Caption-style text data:
↓↓↓
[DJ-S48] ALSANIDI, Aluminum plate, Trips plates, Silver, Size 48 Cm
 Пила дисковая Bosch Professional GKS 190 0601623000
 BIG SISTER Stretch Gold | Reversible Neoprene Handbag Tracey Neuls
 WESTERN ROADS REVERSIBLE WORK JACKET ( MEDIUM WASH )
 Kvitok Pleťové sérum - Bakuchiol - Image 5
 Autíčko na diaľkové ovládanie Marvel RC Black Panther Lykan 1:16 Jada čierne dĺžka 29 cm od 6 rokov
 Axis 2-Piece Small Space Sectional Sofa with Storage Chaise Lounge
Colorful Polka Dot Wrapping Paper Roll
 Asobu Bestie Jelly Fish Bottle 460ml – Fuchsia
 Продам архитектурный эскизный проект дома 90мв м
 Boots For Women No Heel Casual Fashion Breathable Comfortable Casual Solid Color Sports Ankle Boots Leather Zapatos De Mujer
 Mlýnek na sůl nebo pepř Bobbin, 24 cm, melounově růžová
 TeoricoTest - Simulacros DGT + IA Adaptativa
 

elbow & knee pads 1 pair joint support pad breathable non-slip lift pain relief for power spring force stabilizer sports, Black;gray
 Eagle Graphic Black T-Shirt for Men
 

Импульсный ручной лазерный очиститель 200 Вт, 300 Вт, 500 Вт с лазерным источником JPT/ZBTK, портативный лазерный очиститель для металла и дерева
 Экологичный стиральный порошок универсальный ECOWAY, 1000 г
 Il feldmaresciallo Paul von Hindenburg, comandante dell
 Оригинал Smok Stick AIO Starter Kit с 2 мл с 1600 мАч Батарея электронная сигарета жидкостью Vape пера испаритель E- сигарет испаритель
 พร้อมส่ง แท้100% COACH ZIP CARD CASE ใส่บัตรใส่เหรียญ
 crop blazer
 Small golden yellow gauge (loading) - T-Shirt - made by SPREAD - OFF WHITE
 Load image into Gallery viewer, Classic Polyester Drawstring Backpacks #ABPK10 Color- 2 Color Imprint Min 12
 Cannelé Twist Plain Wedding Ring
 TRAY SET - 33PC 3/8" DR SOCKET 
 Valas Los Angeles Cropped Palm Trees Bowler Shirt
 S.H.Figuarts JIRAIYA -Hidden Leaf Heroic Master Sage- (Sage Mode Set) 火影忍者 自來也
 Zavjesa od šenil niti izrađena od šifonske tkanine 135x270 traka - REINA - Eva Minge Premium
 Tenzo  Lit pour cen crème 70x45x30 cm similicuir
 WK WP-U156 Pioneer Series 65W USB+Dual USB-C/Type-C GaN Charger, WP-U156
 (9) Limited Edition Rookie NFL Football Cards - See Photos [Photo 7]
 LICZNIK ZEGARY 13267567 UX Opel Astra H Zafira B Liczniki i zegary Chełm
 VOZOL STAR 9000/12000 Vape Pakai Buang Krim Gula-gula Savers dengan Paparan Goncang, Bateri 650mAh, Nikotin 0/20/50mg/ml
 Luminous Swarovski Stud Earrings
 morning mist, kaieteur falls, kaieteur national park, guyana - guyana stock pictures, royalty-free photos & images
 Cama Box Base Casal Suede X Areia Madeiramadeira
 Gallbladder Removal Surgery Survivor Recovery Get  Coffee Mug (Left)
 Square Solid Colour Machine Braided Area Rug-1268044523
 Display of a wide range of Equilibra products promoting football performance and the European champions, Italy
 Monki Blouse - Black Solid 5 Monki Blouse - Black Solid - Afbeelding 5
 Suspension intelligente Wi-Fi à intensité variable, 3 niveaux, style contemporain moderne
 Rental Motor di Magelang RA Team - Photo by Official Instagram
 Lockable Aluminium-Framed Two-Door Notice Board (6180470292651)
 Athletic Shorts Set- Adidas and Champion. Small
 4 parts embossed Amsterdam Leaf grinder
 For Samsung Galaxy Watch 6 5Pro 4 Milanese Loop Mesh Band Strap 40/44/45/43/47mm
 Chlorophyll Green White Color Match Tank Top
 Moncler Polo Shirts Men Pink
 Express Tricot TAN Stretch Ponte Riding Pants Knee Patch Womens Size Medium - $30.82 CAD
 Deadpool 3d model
↑↑↑
◆ Problem to solve ◆
Please retype the top of the data exactly, down to and including the line that holds "S.H.Figuarts JIRAIYA -Hidden", and nothing further.

◆ Answer box ◆
[DJ-S48] ALSANIDI, Aluminum plate, Trips plates, Silver, Size 48 Cm
 Пила дисковая Bosch Professional GKS 190 0601623000
 BIG SISTER Stretch Gold | Reversible Neoprene Handbag Tracey Neuls
 WESTERN ROADS REVERSIBLE WORK JACKET ( MEDIUM WASH )
 Kvitok Pleťové sérum - Bakuchiol - Image 5
 Autíčko na diaľkové ovládanie Marvel RC Black Panther Lykan 1:16 Jada čierne dĺžka 29 cm od 6 rokov
 Axis 2-Piece Small Space Sectional Sofa with Storage Chaise Lounge
Colorful Polka Dot Wrapping Paper Roll
 Asobu Bestie Jelly Fish Bottle 460ml – Fuchsia
 Продам архитектурный эскизный проект дома 90мв м
 Boots For Women No Heel Casual Fashion Breathable Comfortable Casual Solid Color Sports Ankle Boots Leather Zapatos De Mujer
 Mlýnek na sůl nebo pepř Bobbin, 24 cm, melounově růžová
 TeoricoTest - Simulacros DGT + IA Adaptativa
 

elbow & knee pads 1 pair joint support pad breathable non-slip lift pain relief for power spring force stabilizer sports, Black;gray
 Eagle Graphic Black T-Shirt for Men
 

Импульсный ручной лазерный очиститель 200 Вт, 300 Вт, 500 Вт с лазерным источником JPT/ZBTK, портативный лазерный очиститель для металла и дерева
 Экологичный стиральный порошок универсальный ECOWAY, 1000 г
 Il feldmaresciallo Paul von Hindenburg, comandante dell
 Оригинал Smok Stick AIO Starter Kit с 2 мл с 1600 мАч Батарея электронная сигарета жидкостью Vape пера испаритель E- сигарет испаритель
 พร้อมส่ง แท้100% COACH ZIP CARD CASE ใส่บัตรใส่เหรียญ
 crop blazer
 Small golden yellow gauge (loading) - T-Shirt - made by SPREAD - OFF WHITE
 Load image into Gallery viewer, Classic Polyester Drawstring Backpacks #ABPK10 Color- 2 Color Imprint Min 12
 Cannelé Twist Plain Wedding Ring
 TRAY SET - 33PC 3/8" DR SOCKET 
 Valas Los Angeles Cropped Palm Trees Bowler Shirt
 S.H.Figuarts JIRAIYA -Hidden Leaf Heroic Master Sage- (Sage Mode Set) 火影忍者 自來也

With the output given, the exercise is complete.